It’s a daunting task to take a classic piece of literature and turn it into a successful, yet complementary, film adaptation. Baz Luhrmann takes on this filmmaking challenge by converting the beloved F. Scott Fitzgerald novel of love and loss set in the 1920’s on a wild and roaring, if over adventurous, two-and-a-half hour ride into the lives of New York’s millionaires.
As a movie, The Great Gatsby remains faithfully loyal to the book, with little to no change. A small change in the movie includes how Nick Carraway, played by Tobey Maguire, ends up after the fateful summer he spent with the company of New York’s finest, including his cousin Daisy Buchanan, played by Carey Mulligan, her cheating husband, Tom, played by Joel Edgerton, and Nick’s mysterious millionaire neighbor, Jay Gatsby, played by Leonardo Dicaprio. The movie includes all the twists and turns of the novel, and leaves in key iconic images that Fitzgerald described in great detail within the pages.

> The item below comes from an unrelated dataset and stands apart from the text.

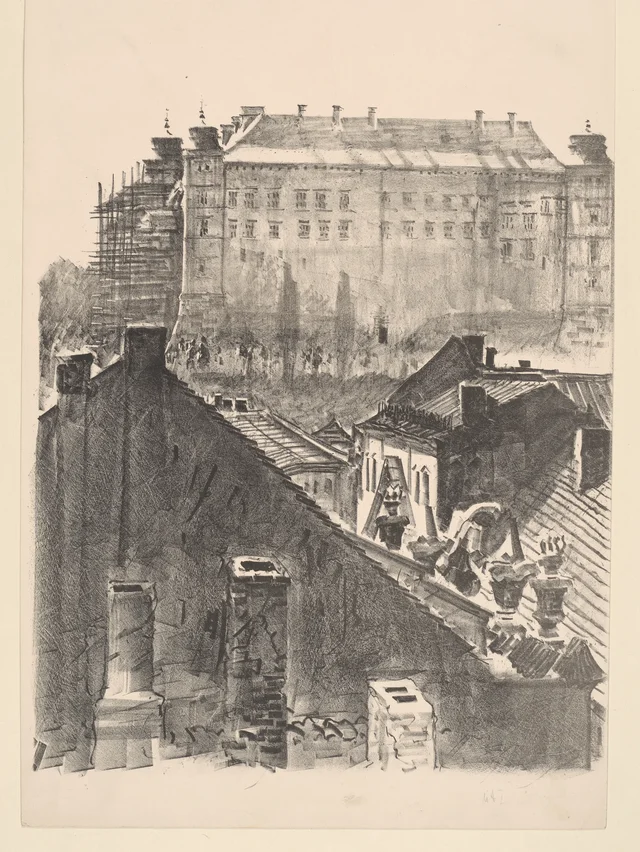 O castelo do Wawel, lado norte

Luhrmann’s adaptation is big and noisy, much like the 1920’s itself. Gatsby’s famed boisterous and opulent parties take the main stage in the first half of the film, with a heavy focus on the mysteriousness of Gatsby’s past compared to the frenzy of the dancing and drinking that ruled his festivities. The second half is a quieter affair, with the tortured romance between Gatsby and Daisy playing out with disastrous results. Even though the ending of Gatsby won’t be a spoiler for many people of the novel’s popularity, it’s still a chilling experience as you see Gatsby’s world fall apart with the pressure of wanting to be the absolute best.
The best part of the film is the killer soundtrack. Instead of using typical jazz music that defined the era, Luhrmann decided to incorporate a modern representation of the 21st Century. During scenes of Gatsby’s wild parties, Jay-Z & Kanye West rap over the festivities, while Lana Del Rey’s anguished voice gives a pivotal scene between Daisy and Gatsby an extra boost of emotion. The unconventional choice in music helped give The Great Gatsby a clever modern edge that helps the films spark come alive.
I give The Great Gatsby an A- for capturing the tormented love affair between Daisy and Gatsby, and also for having an unconventional soundtrack the brought the movie to life.
The Great Gatsby is rated PG-13 for some violent images, sexual content, smoking, partying and brief language.